As before, it uses the same artificial data as for the previous examples; namely 1000 data points in three dimensions with 8 clusters.
The script uses the R package "cluster". This contains the algorithm "partitioning around medoids" which the documentation describes as a more robust k-means.
The process iterates over values of k from 2 to 20, passes the data to R for clustering and generation of an average silhouette value. This allows the optimum value for k to be determined. The "correct" answer is 8 but this may not correspond to the best cluster using the validity measure owing to the random number generator which causes the clusters to differ between each run.
Some points to note
- The R script installs the package and this causes a pop up dialog box to appear. Select the mirror from which to download the package.
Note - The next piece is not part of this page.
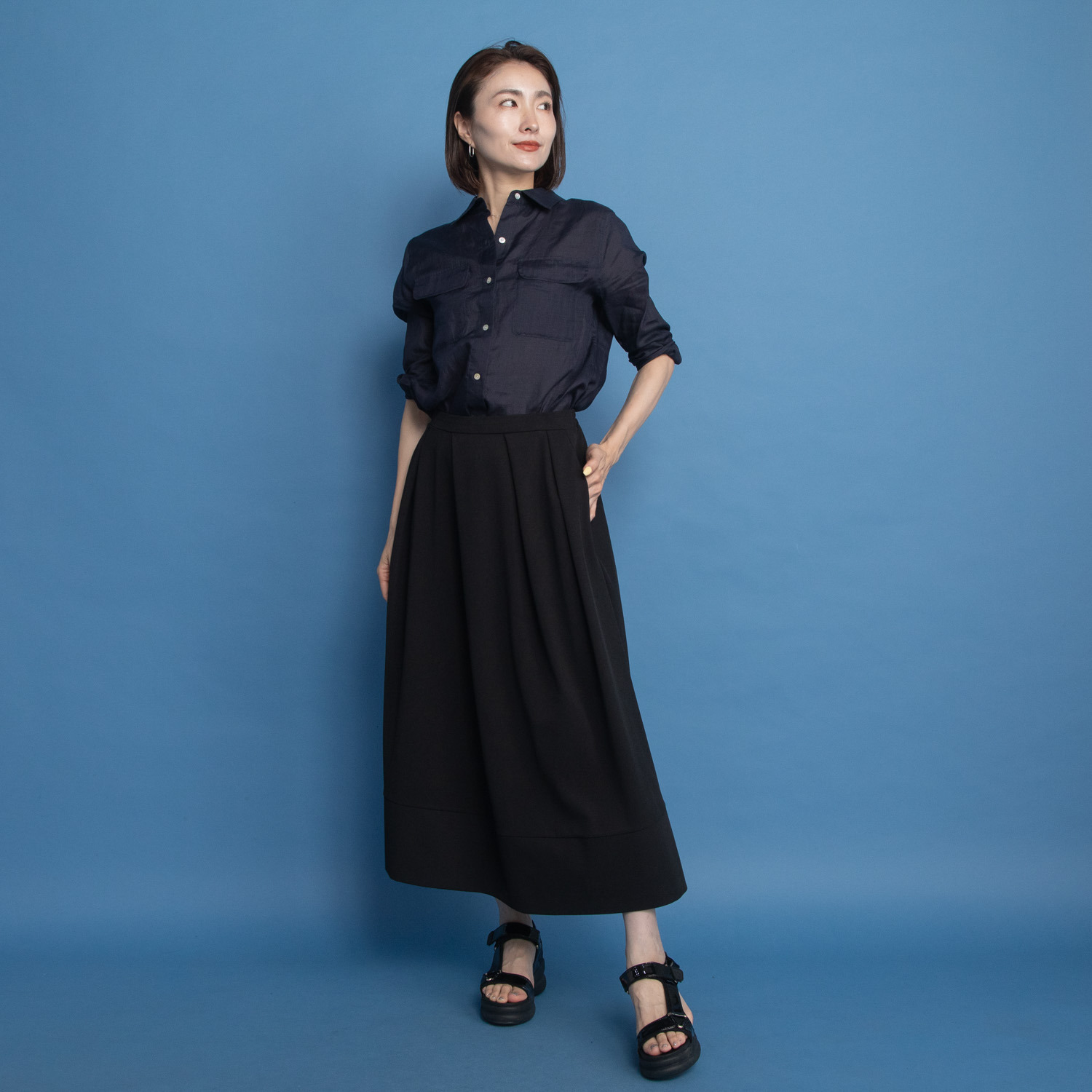 ヤエアジュテ ランダムタックデザインと コクーンシルエットで 主役級ロングスカート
Comment out the "install.packages" line to stop this (or read the R documentation to work out how to test for the presence of the library before attempting the install).
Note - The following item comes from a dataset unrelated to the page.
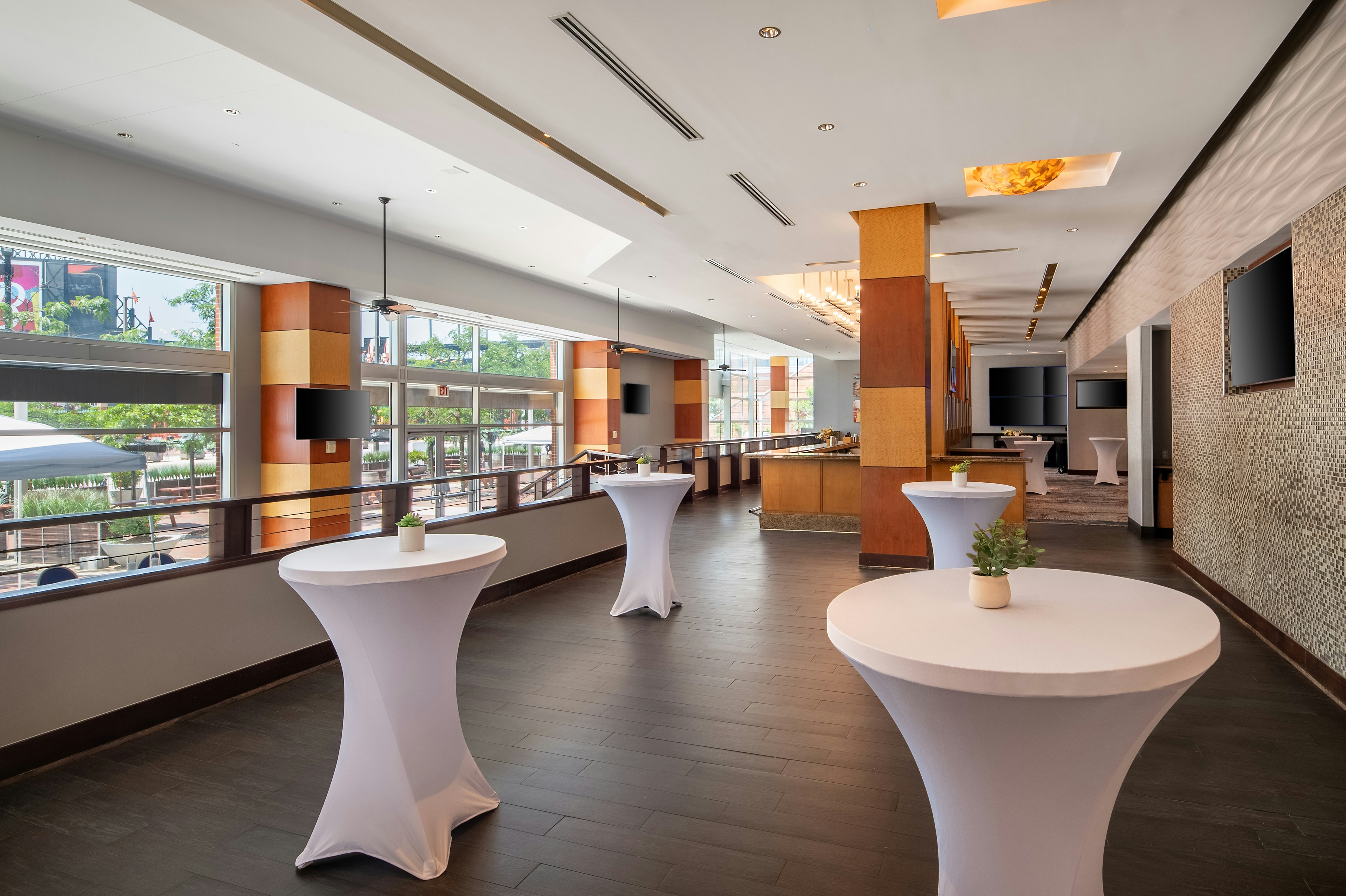 Hilton Baltimore Inner Harbor 41/84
- The R script takes multiple inputs and these appear as R data frames.
- The output from the R script must be a data frame.
- The returned example set contains the validity measure and this is picked up for logging using the "Extract Performance" operator.
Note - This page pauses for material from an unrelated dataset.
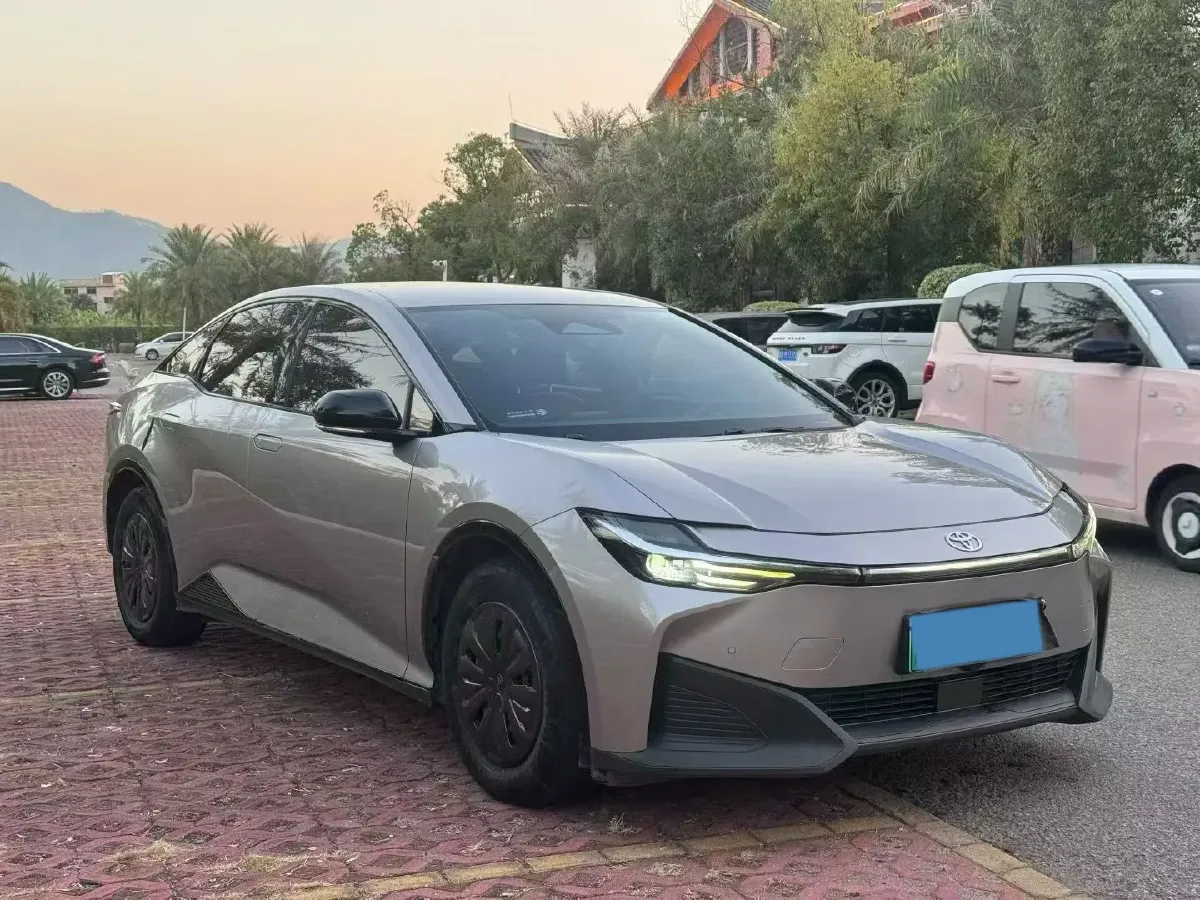 2024 Toyota bZ3 BEV 49.92KWH,autocango,china used car exporter,china ev exporter,chinese used car exporter,chinese used ev exporter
- The order of the processes before the script is important to ensure the correct value of k is passed in. This can be done using the "show and alter operator execution order" feature on the process view.
- The operator "Generate Data By User Specification" is used to create an example set to contain the value of k
A value near 1 is what is being looked for and indicates compact, well separated clusters. The "correct" answer is 8 and the result supports this.